In a case like this it is hard to put a dollar value that satisfies the bean counters. The organisation has contract growers and has no dollar value in the eyes of an auditor on that part of the organisation although it does have value there. The float is there for the Ingham family to realise a return on 50 plus years of nurturing a business. They will also be looking at their tax position. The value will eventually be decided by the market putting a value on the business based on what it will return to shareholders. All plant and equipment will have been written down to the maximum for tax purposes. It is probably a lot more valuable that the books will show. 

The company should be valued on what it will do for shareholders from here on. You need to be a fly on the wall to work this out. If you need to eliminate risk then you sit back and buy after listing.


----------



## hamli (13 October 2016)

Tegel was offered at a lower P/E earlier on in year. Settled at ~5% gain on listing, had a nice rally, but now trading below IPO. Makes me question my earlier comment about a this IPO having a reasonable P/E.

Ingham is looking less attractive. I will probably choose to lock up my capital elsewhere, and monitor Inghams from the side line.


----------



## nioka (13 October 2016)

hamli said:


> Tegel was offered at a lower P/E earlier on in year. Settled at ~5% gain on listing, had a nice rally, but now trading below IPO. Makes me question my earlier comment about a this IPO having a reasonable P/E.
> 
> Ingham is looking less attractive. I will probably choose to lock up my capital elsewhere, and monitor Inghams from the side line.

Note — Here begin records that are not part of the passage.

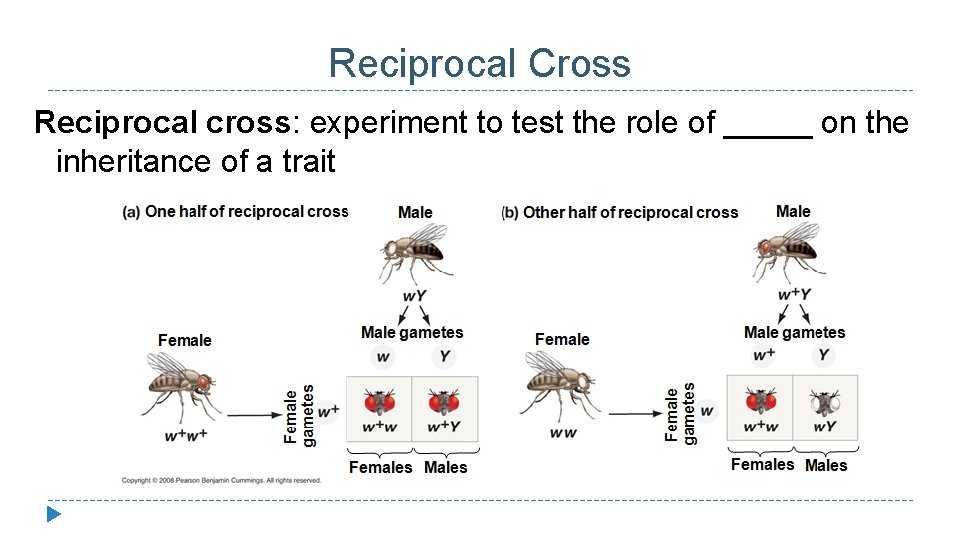 Reciprocal Cross Reciprocal cross: experiment to test the role of _____ on the inheritance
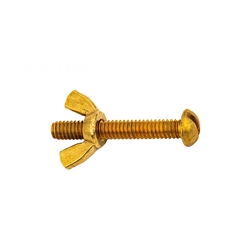 R221156 | Brass Bolt And Wing Nut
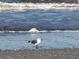 Seagull standing by the water's edge with ocean waves gently lapping the sandy beach at 100 Bluff View Dr # 401A, Belleair Bluffs, FL 33770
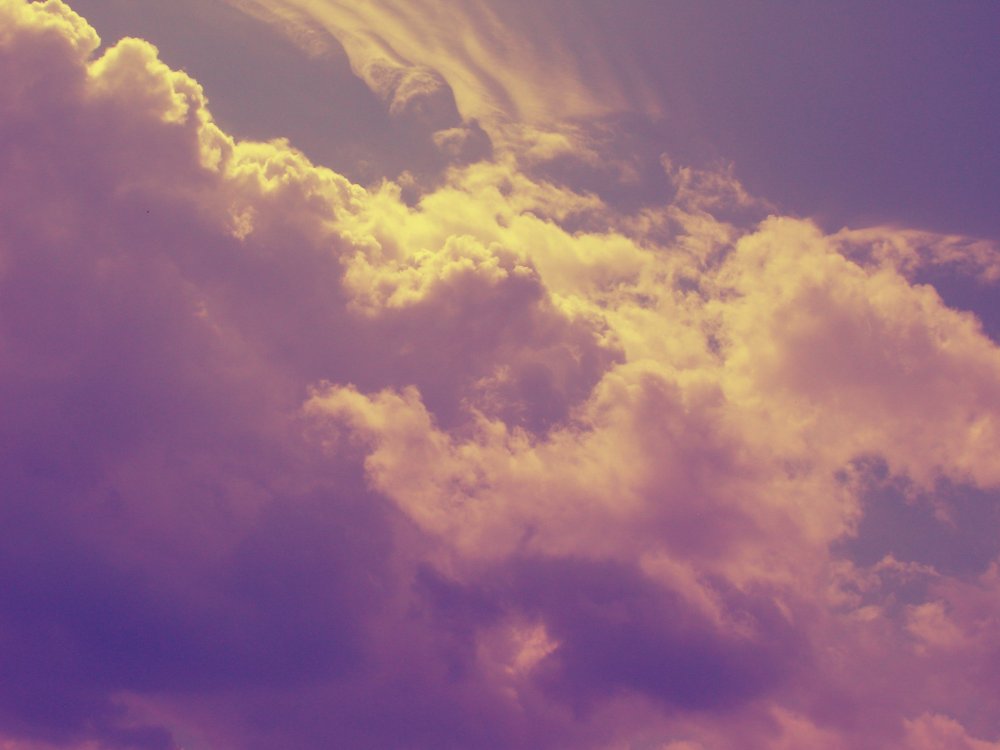 Фон с котиками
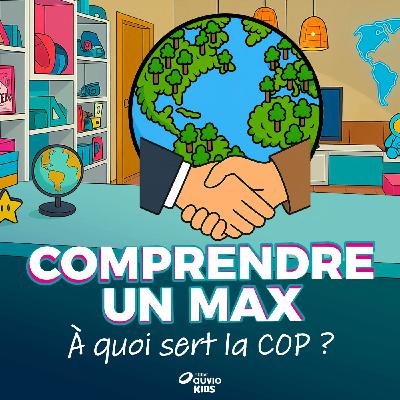 Pourquoi la COP 30 déçoit ?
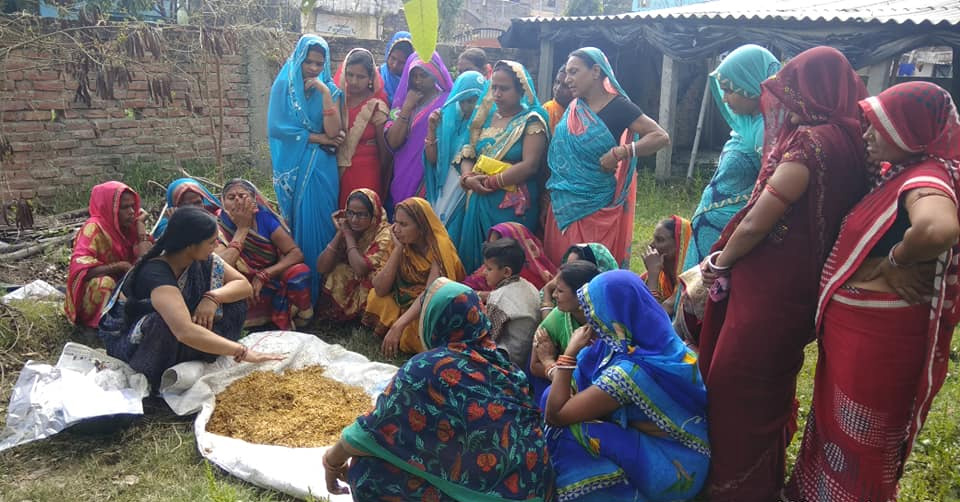 Pushpa giving mushroom training to women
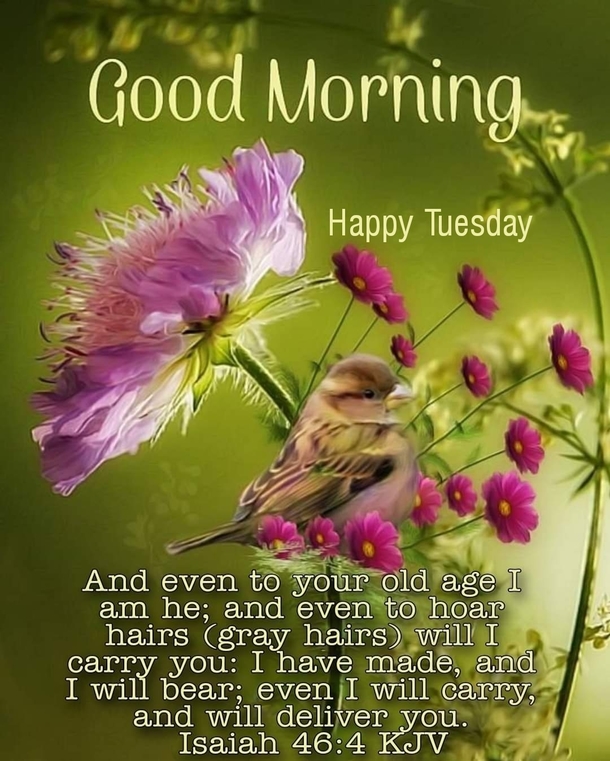 10 Tuesday Good Morning Quotes That'll Shower Your Day With Blessings - picture 10
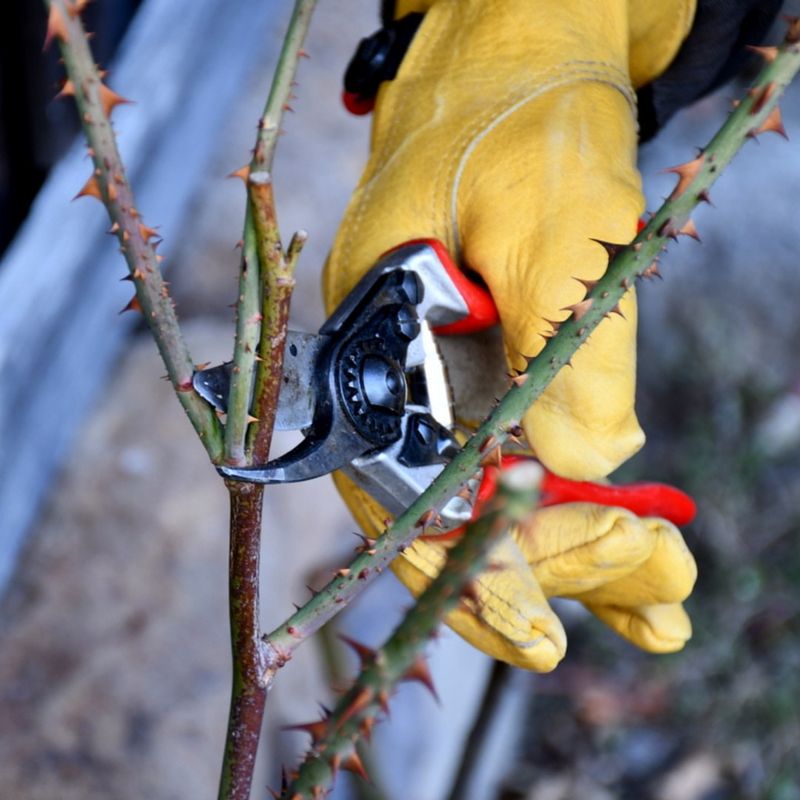 Encourages Stronger And Healthier New Growth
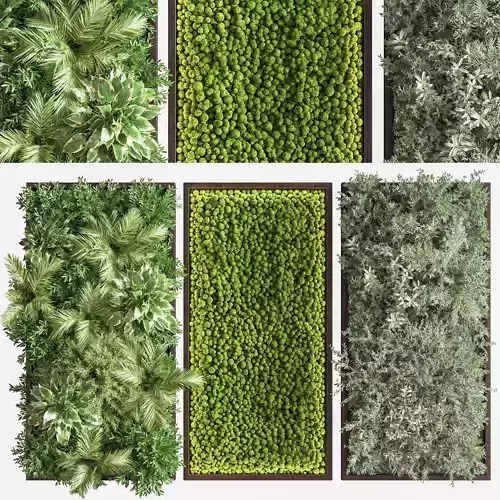 Wooden Planks Vertical Garden and Mosswalls 2 3D model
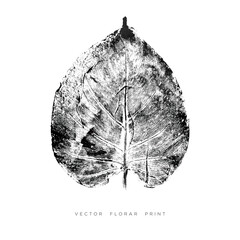 Vector abstract floral print. Black and white template image for card, poster.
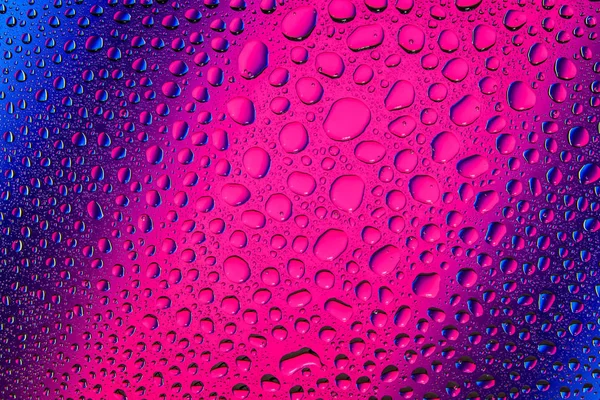 Yakın yukarı bir su damlaları bir pembe ve mavi degrade arka plan ile kaplı, damla su - yoğunlaşma.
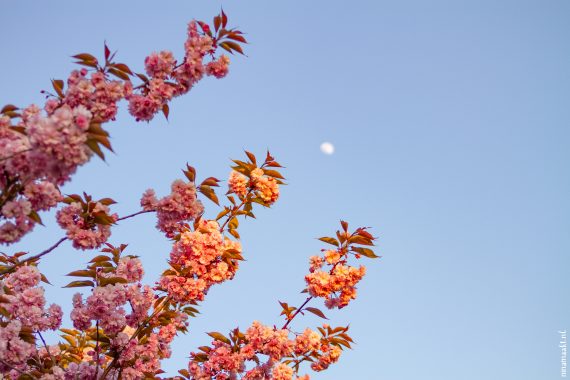 utrecht tuindorp bloesem lente ninamaakt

You can't compare Tegels with Inghams. Tegels are small fry in the Industry, Inghams are leaders and really are the big boys in the industry.


----------



## galumay (13 October 2016)

nioka said:


> You can't compare Tegels with Inghams. Tegels are small fry in the Industry, Inghams are leaders and really are the big boys in the industry.




I am not sure that market share is a particularly useful metric. RFP, which is listed on the NSX has only about 5% of the market, but from my research would be one of the most profitable. 

I havent taken the time to look at Inghams in any detail so I cant really comment on whether the IPO is attractive or not.


----------



## So_Cynical (13 October 2016)

nioka said:


> You can't compare *Tegels with Inghams*. Tegels are small fry in the Industry, Inghams are leaders and really are the big boys in the industry.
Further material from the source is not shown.